If I take my cues from Wikipedia, then it goes to reason that my feelings would be bitterness if directed at Barack Obama or some senators or the fatcats on Wall Street. My “betters,” I believe is the term. But these are not the ones I would challenge, though they are easy targets. It’s the ordinary people that I am angry at, equal-status individuals who vote and by voting implicitly state that they accept the status quo, and that they don’t really want change.

I do not mean to say that voting is the disease and that people should be ashamed of what is grandly deemed “participating in the democratic process.” People should do what they think is right, but they should think first. Voting is merely the morphine for a diseased and dying society; it functions as a kind of masturbatory escapism. A way to wash your hands of the problems by saying you did your part.

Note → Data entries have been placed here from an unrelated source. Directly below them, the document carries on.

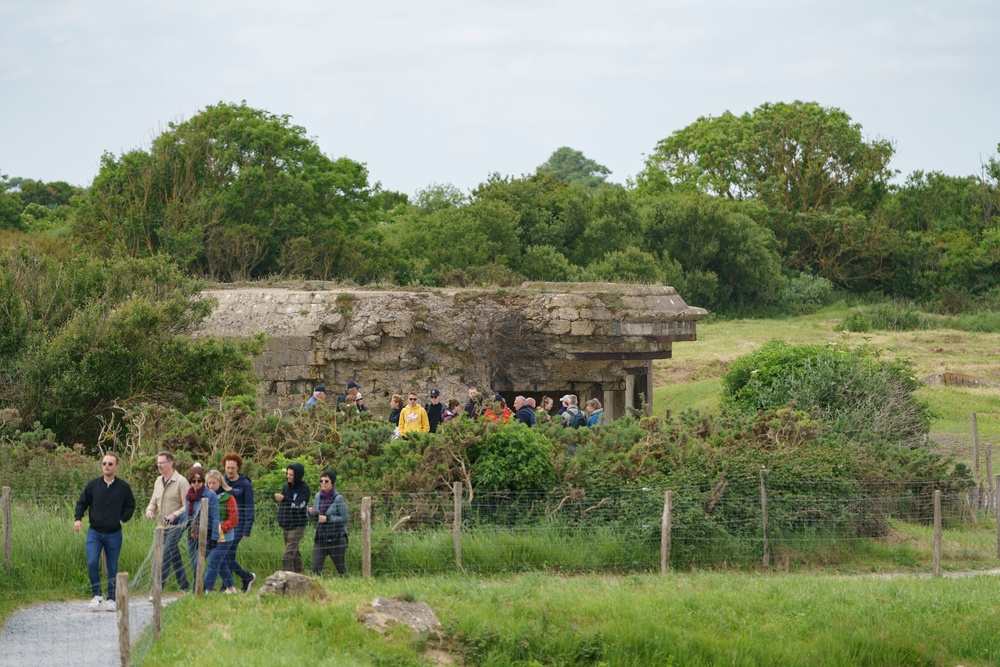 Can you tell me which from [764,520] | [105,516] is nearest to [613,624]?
[764,520]

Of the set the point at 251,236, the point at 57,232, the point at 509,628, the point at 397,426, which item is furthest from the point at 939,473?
the point at 57,232

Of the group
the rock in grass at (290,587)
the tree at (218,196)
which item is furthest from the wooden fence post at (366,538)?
the tree at (218,196)

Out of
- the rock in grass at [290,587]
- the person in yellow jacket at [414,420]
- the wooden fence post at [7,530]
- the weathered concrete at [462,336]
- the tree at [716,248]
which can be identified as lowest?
the rock in grass at [290,587]

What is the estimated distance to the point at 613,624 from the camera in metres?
11.8

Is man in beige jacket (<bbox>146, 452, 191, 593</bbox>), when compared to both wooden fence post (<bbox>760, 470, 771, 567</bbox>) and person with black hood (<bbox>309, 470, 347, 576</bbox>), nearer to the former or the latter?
person with black hood (<bbox>309, 470, 347, 576</bbox>)

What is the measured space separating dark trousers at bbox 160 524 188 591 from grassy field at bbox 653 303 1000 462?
1489 cm

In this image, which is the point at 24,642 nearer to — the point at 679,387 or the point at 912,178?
the point at 679,387

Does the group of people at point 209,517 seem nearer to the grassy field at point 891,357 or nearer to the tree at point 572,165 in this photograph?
the grassy field at point 891,357

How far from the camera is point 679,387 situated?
3438 centimetres

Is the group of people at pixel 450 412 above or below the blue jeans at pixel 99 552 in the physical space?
above

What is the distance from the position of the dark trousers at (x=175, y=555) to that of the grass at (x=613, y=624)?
798 mm

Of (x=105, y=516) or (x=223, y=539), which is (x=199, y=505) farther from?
(x=105, y=516)

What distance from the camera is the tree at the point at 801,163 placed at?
194ft

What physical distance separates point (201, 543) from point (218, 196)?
21277 mm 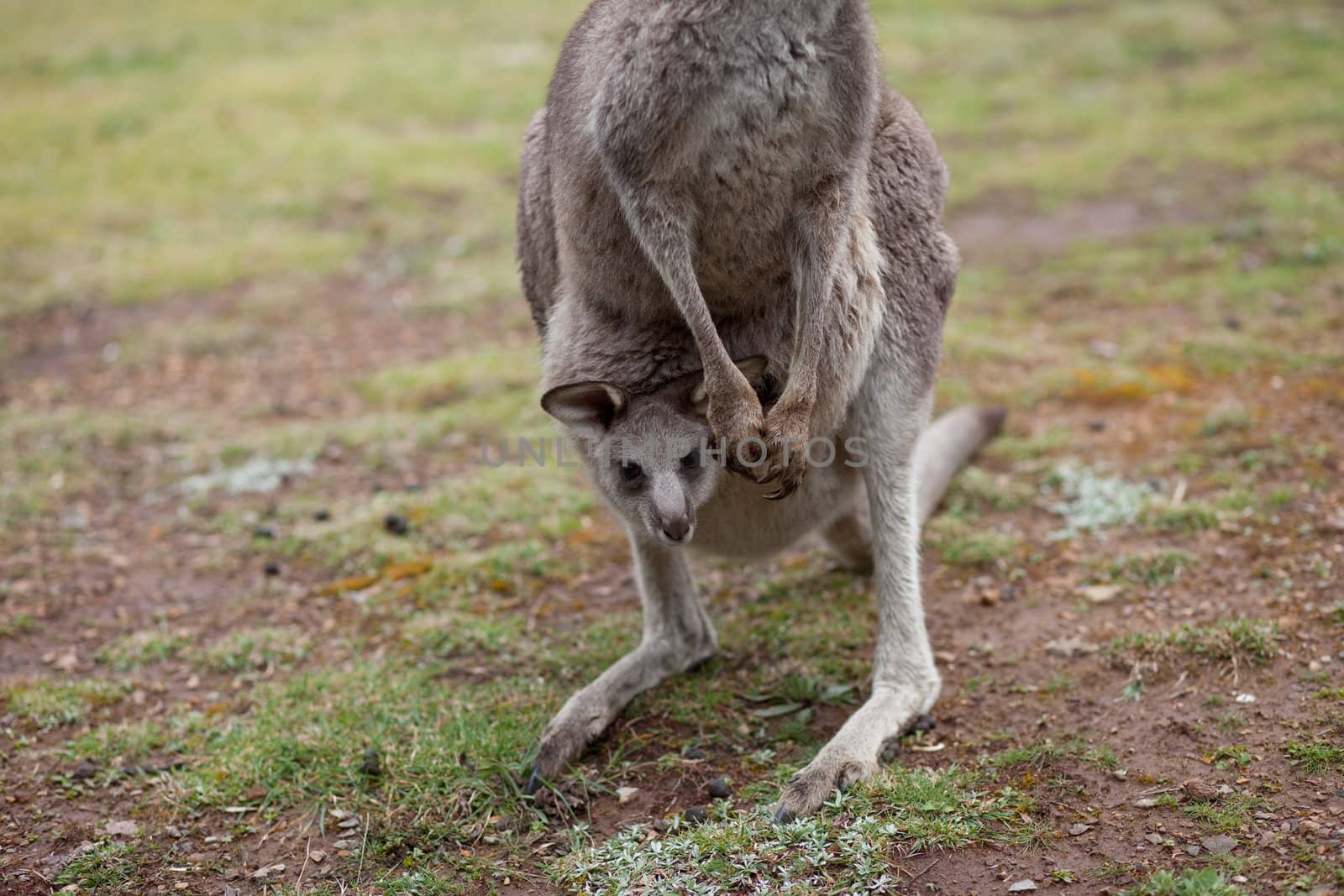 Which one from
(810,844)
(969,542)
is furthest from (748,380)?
(969,542)

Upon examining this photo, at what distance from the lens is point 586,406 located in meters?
3.43

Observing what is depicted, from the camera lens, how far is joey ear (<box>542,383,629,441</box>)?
11.0ft

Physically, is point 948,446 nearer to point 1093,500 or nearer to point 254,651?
point 1093,500

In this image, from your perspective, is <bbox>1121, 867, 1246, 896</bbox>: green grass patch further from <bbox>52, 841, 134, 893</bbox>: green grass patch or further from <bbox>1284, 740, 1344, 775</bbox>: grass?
<bbox>52, 841, 134, 893</bbox>: green grass patch

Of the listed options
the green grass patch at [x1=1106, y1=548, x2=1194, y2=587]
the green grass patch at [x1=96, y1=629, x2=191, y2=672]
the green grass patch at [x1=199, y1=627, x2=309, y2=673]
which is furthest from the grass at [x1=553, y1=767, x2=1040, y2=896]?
the green grass patch at [x1=96, y1=629, x2=191, y2=672]

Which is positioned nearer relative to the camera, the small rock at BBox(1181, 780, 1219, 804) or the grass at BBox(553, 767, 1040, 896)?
the grass at BBox(553, 767, 1040, 896)

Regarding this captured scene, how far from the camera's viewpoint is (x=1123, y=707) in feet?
→ 11.2

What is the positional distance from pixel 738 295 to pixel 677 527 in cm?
→ 66

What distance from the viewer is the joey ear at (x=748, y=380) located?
130 inches

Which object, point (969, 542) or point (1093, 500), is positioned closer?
point (969, 542)

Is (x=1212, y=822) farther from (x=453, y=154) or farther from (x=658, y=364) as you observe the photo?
(x=453, y=154)

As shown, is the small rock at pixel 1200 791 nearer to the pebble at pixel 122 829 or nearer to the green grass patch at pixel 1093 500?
the green grass patch at pixel 1093 500

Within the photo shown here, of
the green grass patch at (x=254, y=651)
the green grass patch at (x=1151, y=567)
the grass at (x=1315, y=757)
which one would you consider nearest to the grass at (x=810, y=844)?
the grass at (x=1315, y=757)

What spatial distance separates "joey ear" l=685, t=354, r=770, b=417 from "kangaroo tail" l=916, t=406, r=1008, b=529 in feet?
3.79
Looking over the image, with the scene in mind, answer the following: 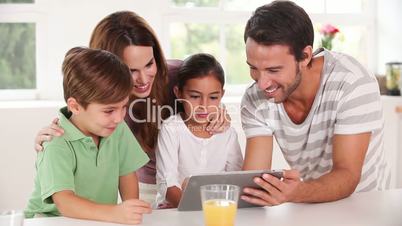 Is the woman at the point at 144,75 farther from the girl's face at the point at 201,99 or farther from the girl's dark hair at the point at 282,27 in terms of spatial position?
the girl's dark hair at the point at 282,27

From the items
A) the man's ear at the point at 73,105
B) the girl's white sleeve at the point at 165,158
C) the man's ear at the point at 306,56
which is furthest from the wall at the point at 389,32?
the man's ear at the point at 73,105

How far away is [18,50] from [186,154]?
173cm

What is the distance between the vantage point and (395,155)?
397 cm

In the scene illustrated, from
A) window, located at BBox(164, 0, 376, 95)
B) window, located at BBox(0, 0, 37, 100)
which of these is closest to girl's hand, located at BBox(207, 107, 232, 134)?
window, located at BBox(164, 0, 376, 95)

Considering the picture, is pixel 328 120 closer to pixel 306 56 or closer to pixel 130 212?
pixel 306 56

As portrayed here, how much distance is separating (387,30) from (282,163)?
1295 mm

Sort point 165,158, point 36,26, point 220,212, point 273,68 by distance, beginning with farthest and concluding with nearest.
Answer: point 36,26
point 165,158
point 273,68
point 220,212

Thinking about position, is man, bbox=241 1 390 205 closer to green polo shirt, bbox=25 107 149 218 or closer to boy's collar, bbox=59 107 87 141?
green polo shirt, bbox=25 107 149 218

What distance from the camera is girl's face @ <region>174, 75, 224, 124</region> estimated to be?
7.43 feet

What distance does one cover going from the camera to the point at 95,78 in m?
1.79

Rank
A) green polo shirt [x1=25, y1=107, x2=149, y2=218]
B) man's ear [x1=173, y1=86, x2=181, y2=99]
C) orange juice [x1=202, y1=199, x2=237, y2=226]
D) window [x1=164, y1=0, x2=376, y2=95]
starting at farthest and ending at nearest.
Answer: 1. window [x1=164, y1=0, x2=376, y2=95]
2. man's ear [x1=173, y1=86, x2=181, y2=99]
3. green polo shirt [x1=25, y1=107, x2=149, y2=218]
4. orange juice [x1=202, y1=199, x2=237, y2=226]

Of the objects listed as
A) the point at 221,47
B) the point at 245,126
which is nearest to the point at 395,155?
the point at 221,47

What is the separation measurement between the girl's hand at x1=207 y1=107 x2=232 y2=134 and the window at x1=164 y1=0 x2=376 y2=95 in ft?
5.02

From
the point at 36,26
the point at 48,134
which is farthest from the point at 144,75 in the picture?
the point at 36,26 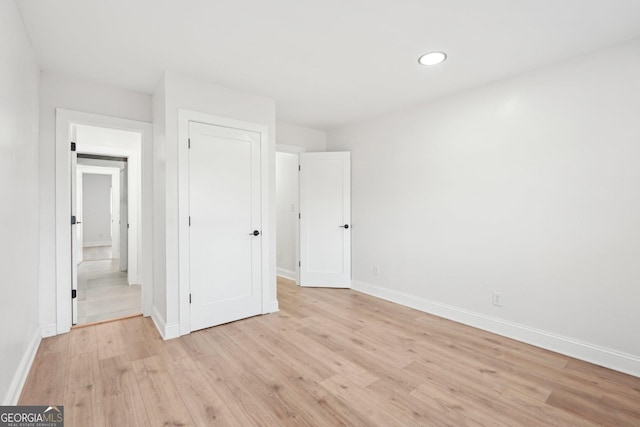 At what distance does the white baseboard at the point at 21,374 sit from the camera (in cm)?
170

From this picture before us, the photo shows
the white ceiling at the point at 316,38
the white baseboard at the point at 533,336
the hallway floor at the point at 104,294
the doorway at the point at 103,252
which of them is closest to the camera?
the white ceiling at the point at 316,38

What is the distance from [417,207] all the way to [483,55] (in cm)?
174

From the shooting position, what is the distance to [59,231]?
2789 millimetres

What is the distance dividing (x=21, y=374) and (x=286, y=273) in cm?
348

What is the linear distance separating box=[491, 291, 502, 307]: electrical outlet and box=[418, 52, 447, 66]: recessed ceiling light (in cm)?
231

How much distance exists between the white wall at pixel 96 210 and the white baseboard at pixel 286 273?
7.85m

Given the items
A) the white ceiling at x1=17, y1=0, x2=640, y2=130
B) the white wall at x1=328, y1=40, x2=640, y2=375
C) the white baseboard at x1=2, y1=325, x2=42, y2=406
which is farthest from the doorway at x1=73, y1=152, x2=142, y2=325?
the white wall at x1=328, y1=40, x2=640, y2=375

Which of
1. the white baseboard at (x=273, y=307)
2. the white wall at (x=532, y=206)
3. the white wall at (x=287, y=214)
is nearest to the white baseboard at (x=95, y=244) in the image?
the white wall at (x=287, y=214)

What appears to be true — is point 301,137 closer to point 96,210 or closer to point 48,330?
point 48,330

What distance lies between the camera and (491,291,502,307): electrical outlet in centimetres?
288

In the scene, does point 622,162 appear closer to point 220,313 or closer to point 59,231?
point 220,313

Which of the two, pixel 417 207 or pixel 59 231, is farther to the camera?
pixel 417 207

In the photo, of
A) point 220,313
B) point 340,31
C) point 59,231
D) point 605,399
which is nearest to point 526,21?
point 340,31

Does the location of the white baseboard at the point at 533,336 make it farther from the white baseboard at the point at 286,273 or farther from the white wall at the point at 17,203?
the white wall at the point at 17,203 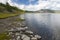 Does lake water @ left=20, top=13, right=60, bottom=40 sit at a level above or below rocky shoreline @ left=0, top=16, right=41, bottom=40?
below

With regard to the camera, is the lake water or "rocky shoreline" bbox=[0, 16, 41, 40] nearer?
"rocky shoreline" bbox=[0, 16, 41, 40]

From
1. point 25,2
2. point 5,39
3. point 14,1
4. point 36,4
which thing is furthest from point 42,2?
point 5,39

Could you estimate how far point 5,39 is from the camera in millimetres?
5699

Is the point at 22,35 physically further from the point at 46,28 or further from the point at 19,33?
the point at 46,28

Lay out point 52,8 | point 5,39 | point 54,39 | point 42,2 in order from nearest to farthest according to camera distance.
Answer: point 5,39
point 54,39
point 42,2
point 52,8

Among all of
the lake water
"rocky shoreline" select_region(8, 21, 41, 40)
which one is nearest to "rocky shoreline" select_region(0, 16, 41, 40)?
"rocky shoreline" select_region(8, 21, 41, 40)

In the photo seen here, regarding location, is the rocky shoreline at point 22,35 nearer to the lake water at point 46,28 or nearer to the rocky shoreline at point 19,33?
the rocky shoreline at point 19,33

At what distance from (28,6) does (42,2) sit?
128 cm

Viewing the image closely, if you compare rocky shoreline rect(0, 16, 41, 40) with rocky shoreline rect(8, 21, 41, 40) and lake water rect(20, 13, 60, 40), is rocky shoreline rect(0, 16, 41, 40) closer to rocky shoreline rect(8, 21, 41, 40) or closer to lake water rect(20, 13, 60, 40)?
rocky shoreline rect(8, 21, 41, 40)

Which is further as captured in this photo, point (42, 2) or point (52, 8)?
point (52, 8)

So yes, I am angry that so trifling a thing as voting counts for so much in the eyes of so many. And so I rejected it and the slavery it represented. I tried very hard to live in that other country – that place of intellectualism and love and brotherhood, the country of the mind, I suppose. But it did not take long for me to realize that this other country belongs in our country, in our America, and we do it a disservice by thinking it too fragile to exist here.

Every year there’s an election, and every four years a big, unavoidable one that inevitably finds someone staring at me, appalled to discover that I do not vote. Perhaps it’s time to put my anger to use and modify my stance. I am not willing to vote the way the government tells me to vote. So I vote with my words and hope that others will listen.